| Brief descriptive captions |
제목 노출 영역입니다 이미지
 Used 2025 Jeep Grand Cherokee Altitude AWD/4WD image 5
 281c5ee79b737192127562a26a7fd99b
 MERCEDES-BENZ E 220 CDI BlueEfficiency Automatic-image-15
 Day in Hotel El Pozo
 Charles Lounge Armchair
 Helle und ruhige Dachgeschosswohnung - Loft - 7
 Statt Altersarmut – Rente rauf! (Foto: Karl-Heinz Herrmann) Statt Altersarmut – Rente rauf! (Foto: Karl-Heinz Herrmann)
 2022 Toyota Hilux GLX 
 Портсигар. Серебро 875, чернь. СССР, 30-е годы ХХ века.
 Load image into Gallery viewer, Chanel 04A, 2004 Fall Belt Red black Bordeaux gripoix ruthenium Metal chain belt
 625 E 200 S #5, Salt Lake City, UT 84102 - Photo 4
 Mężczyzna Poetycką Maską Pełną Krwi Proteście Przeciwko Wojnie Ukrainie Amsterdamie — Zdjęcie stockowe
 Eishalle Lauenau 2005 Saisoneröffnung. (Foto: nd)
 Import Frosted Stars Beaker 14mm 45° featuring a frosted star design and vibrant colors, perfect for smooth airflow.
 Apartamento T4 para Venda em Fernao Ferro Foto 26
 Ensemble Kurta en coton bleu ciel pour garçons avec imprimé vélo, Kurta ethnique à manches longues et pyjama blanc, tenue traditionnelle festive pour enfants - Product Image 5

| EXERCISE DIRECTIONS |
Out of the preceding entries, pull each line that contains the word "Foto".

| ANSWER SECTION |
 Statt Altersarmut – Rente rauf! (Foto: Karl-Heinz Herrmann) Statt Altersarmut – Rente rauf! (Foto: Karl-Heinz Herrmann)
 Eishalle Lauenau 2005 Saisoneröffnung. (Foto: nd)
 Apartamento T4 para Venda em Fernao Ferro Foto 26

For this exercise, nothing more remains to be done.